ALBUQUERQUE, N.M. (AP) - The New Mexico attorney general said Thursday there was insufficient evidence to prosecute the district attorney of the state’s most populous county over allegations of bribery and intimidation of witnesses.
State Attorney General Hector Balderas also criticized Bernalillo County District Attorney Kari Brandenburg and the Albuquerque Police Department for their actions in connection with two pending investigations of Brandenburg’s son.
There were “identifiable leadership failures to which both agencies can take immediate corrective action,” Balderas said in a statement.
Balderas also said the referral of the Brandenburg matter to his office by police “was based solely on a political motivation.”
It came after Brandenburg charged two Albuquerque police officers with murder in the 2014 shooting death of a homeless man during a standoff.
She has denied any wrongdoing and previously suggested the investigation into her was politically motivated.
The investigation began after her son Justin Koch was accused in late 2013 by friends of stealing from them.
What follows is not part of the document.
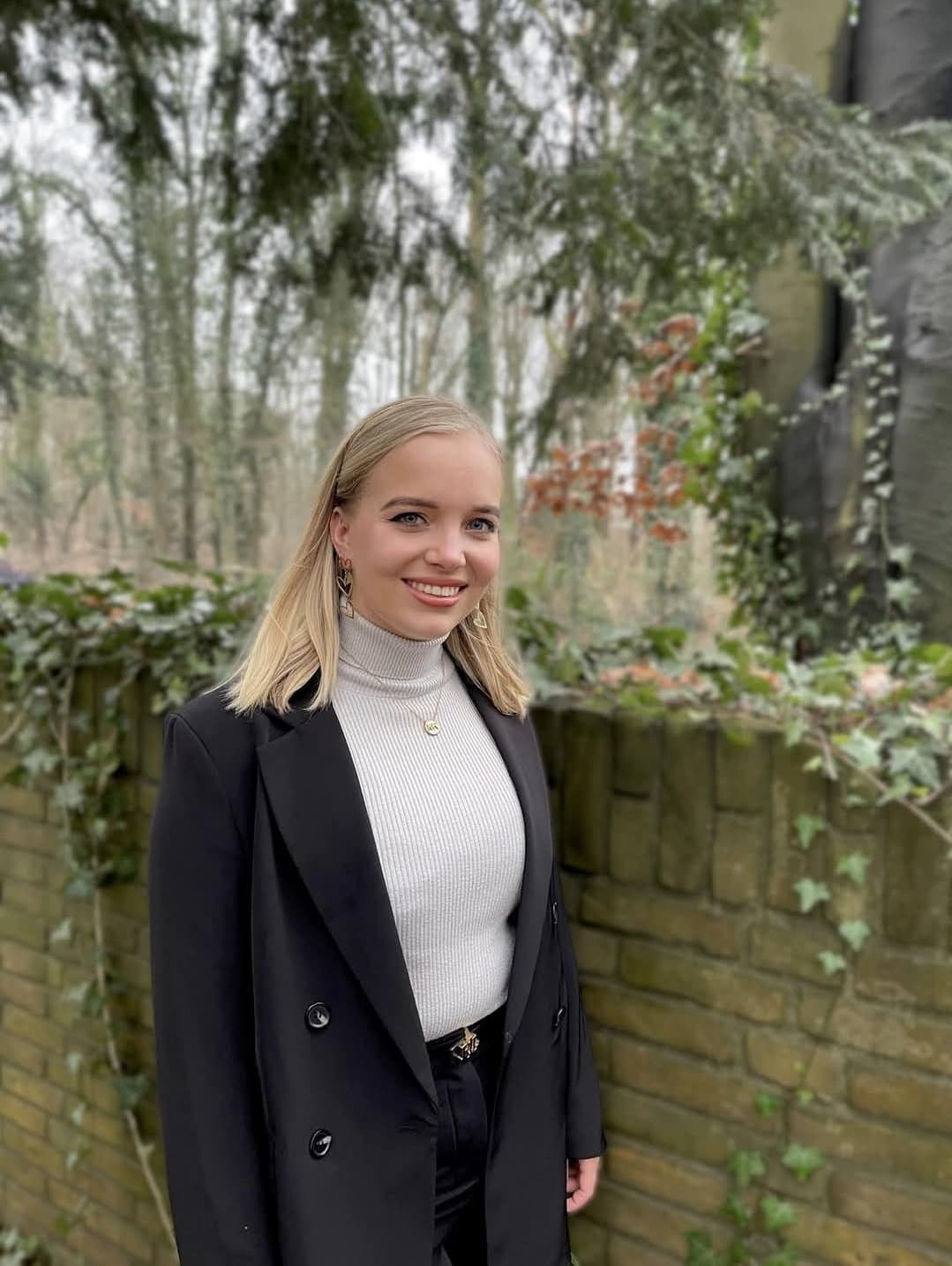 Who wanne goon with me to my cousin to her big juice milkers or to her big juice ass DM ME i hav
Police say they suspected Brandenburg had contacted some of the friends and talked about reimbursing them for their losses.
Koch has not been charged with any of these thefts but is facing larceny and shoplifting charges in other cases.
The inquiry into Brandenburg was not forwarded to the attorney general’s office until November for review of potential criminal charges - timing that was sharply questioned by Balderas in his seven-page letter outlining his findings to Albuquerque Police Chief Gorden Eden.
The notification occurred soon after Brandenburg had notified attorneys for officers Dominique Perez and Keith Sandy that she would be charging them with murder in the shooting death of James Boyd, Balderas said.
The attorney general’s decision not to charge Brandenburg followed a four-month investigation by his office. A lack of corroborating evidence, in part, contributed to his decision, he said.
Brandenburg was unavailable for comment but her attorney Peter Schoenburg said, “we’re pleased and relieved” with the attorney general’s findings. Schoenburg said his client did not intercede in any way in the criminal process of her son’s case.
However, Schoenburg added that it was unfair to criticize Brandenburg’s actions as a mother.
“She was reaching out to family and friends who were victimized by Justin and trying to make them whole,” Schoenburg said.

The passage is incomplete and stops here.